WEST PALM BEACH, Fla. --- The upper-stage engine model provided by Pratt & Whitney (P&W) for use on Lockheed Martin’s Titan-Centaur (TC) missions will be retired after the September 2003 TC-20 launch. This RL10 model, the RL10A-3-3A is the last of the RL10A-3 family, which has supported the Titan family of vehicles since the rocket’s first flight in 1974.
“This engine proved to be one of the most reliable and safe rocket engines in the world with 100 percent mission success during its support of the Titan series,” RL10 P&W Program Director for Upper-Stage Programs Dennis Mills said. “It has helped power some of this nation’s most memorable, scientifically significant and militarily important payloads.”
During this engine model’s history to date, 36 engines have supported 18 successful missions for both the government and military with 76 in-space firings totaling nearly four hours. It has successfully helped support Helios A and B solar probes, Viking 1 and 2 Mars landers, Voyager 1 and 2 flights that performed fly bys of Jupiter, Saturn, Uranus and Neptune, the Cassini Saturn Orbit and three Milstar placements, in addition to helping eight classified Department of Defense payloads reach their proper orbits.

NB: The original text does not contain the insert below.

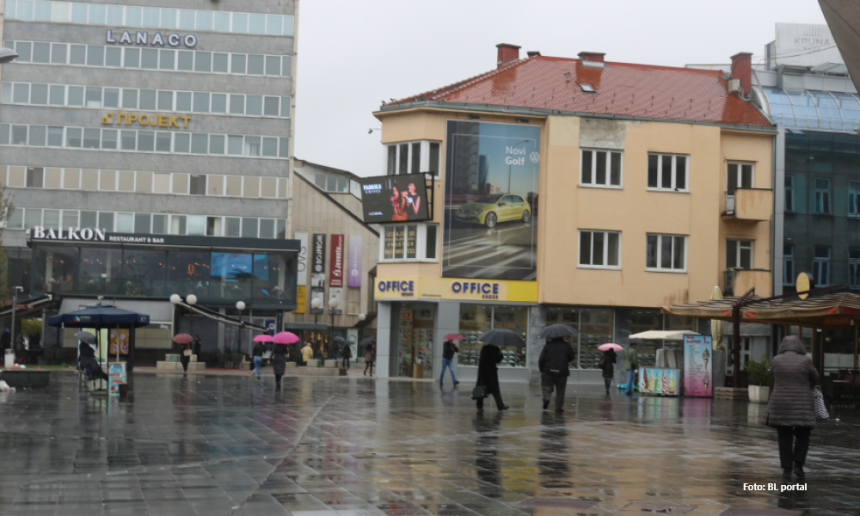 Nakon kiše pojaviće se sunce tokom dana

While the RL10A-3 family will be retired, the RL10A-4 and RL10B-2 families of engines continue to support expendable launch vehicles. Additionally, P&W is developing an RL60 engine. This next generation cryogenic upper-stage engine is designed to produce 60,000 pounds of thrust, with a specific impulse of 465 seconds, to meet the evolving needs of expendable launch requirements or human-rated missions.
P&W Space Propulsion, a leader in liquid, solid, electric and hypersonic propulsion, has sites located at West Palm Beach, Fla. and San Jose, Calif. P&W, a United Technologies company, is a world leader in the design, manufacture and service of aircraft engines, space propulsion systems and industrial gas turbines.